Wednesday, July 16, 2014

Give Us Today Our Daily Bread

Our neighbors have two toddlers, ages 2 and 4, who hurtle themselves across the lawn, down the driveway, onto our cul de sac, full tilt with seemingly no other intention than to move as fast as possible. There is no more mindfulness in their actions than the peony that drops deep pink petals on the hedge. 

In contrast, one of our seniors walks carefully one foot before the other, trailing her hand along the wall.

Transitional movement transfers us from one place to another. A toddler must learn to make that transference while keeping his balance. As he lifts his back foot leaning toward forward motion, he is unbalanced. If his concentration falters, his heavily diapered bottom stays aloft only as long as he hesitates, then falls.

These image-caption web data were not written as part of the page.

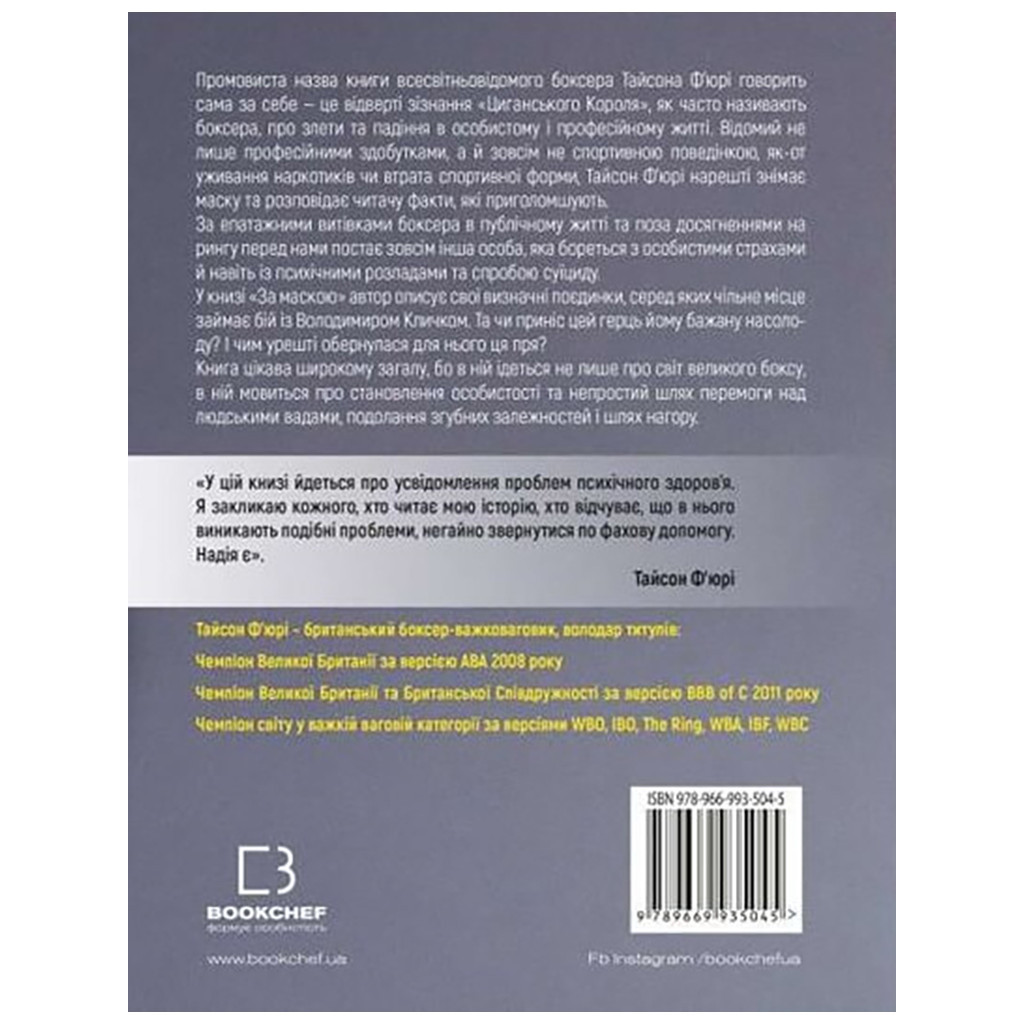 Книга За Маскою - Тайсон Ф'юрі BookChef (9789669935045) - зображення 3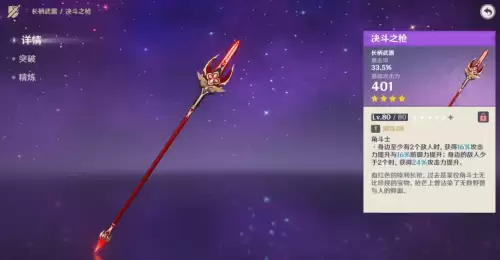 原神匣里灭辰和流月针哪个好　原神龙脊长枪和流月针哪个好-第6张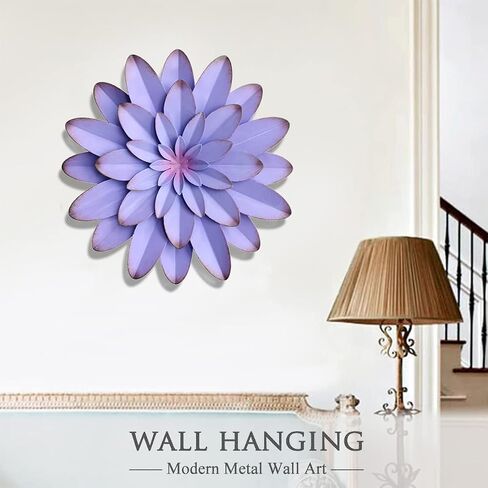 AHYS Metal Wall Art Metal Wall Decor Indoor Outdoor Metal Wall Art Metal Flowers Wall Decor for Living Room Bedroom Bathroom Garden - 12Inch - Purple in Saudi Arabia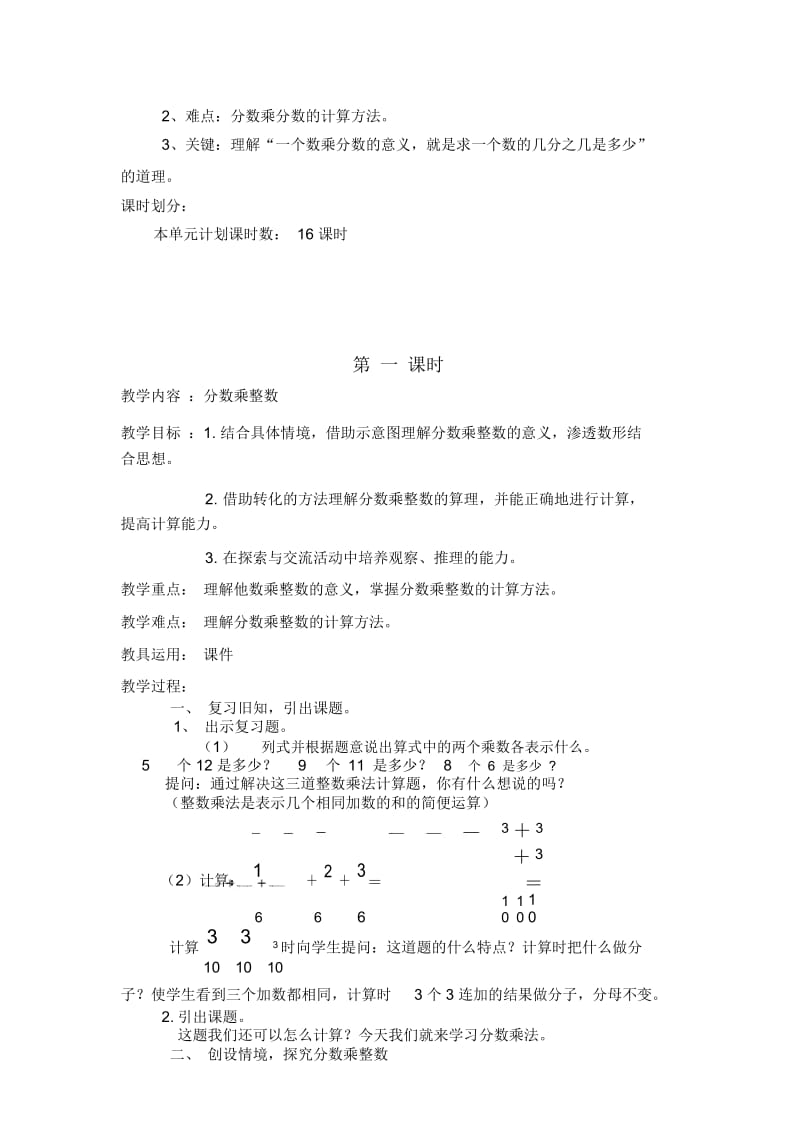 2014秋人教版数学六上第一单元《分数乘法》word全单元教案.docx_第2页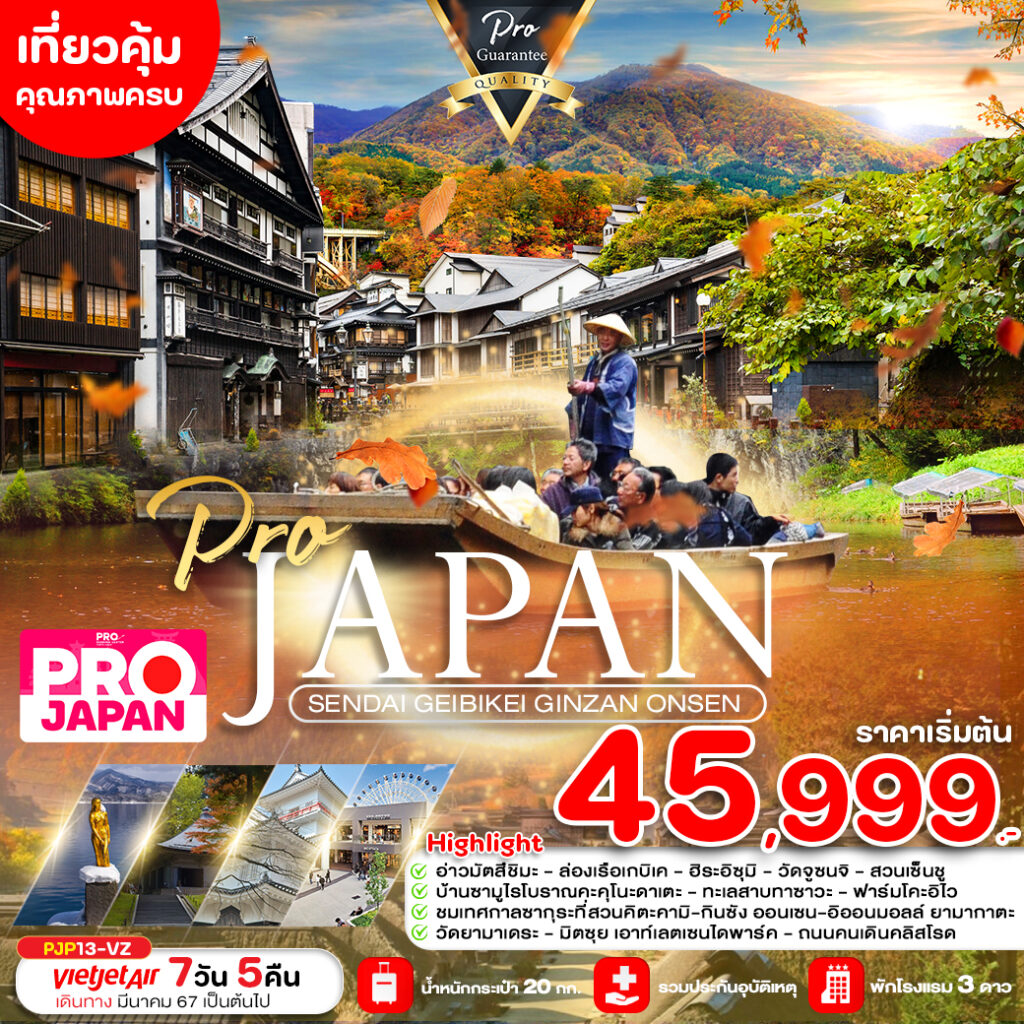 Siam am travel & tour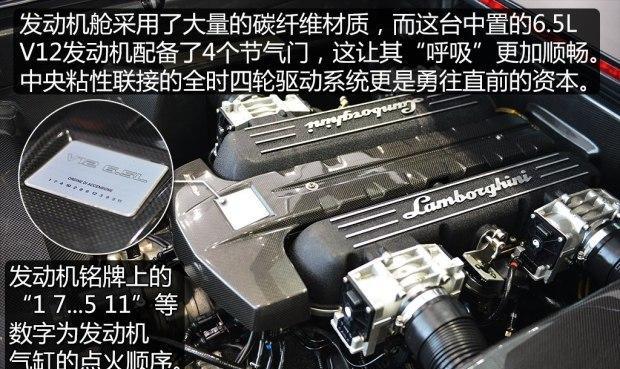 不死狂牛 实拍二手兰博基尼Murcielago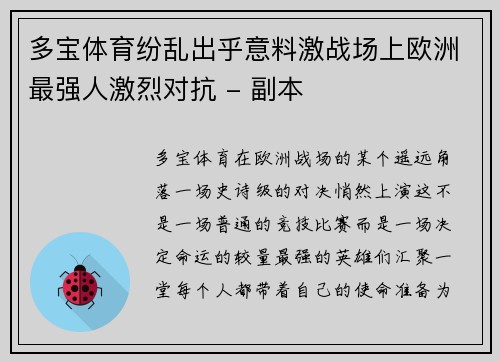 多宝体育纷乱出乎意料激战场上欧洲最强人激烈对抗 - 副本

The present slips so quickly from future to past. Whatever our movement, it helps our balance as we transition if we give our full attention to what we are doing in the moment. Then we can look back and appreciate that we were fully involved in our life. Not merely spending time.

Tuesday, July 1, 2014

Mindful Living

As I’m writing this, it’s a blue sky, cool morning in Washington. The fog of winter months has evaporated into joyous clear air of summer opening our vista across the bay and to the distant mountains on the Canadian border. The sparrows and finches flutter at each other above the feeder before settling to take turns. Early swallows feed on the wing.

And as I observe the activities of a natural world, I ask myself, what do I do without thinking about it, without due process but move on automatic pilot? What would change if I focused on the elements of a task, just for a few specks of time, to observe them as a child who is first learning?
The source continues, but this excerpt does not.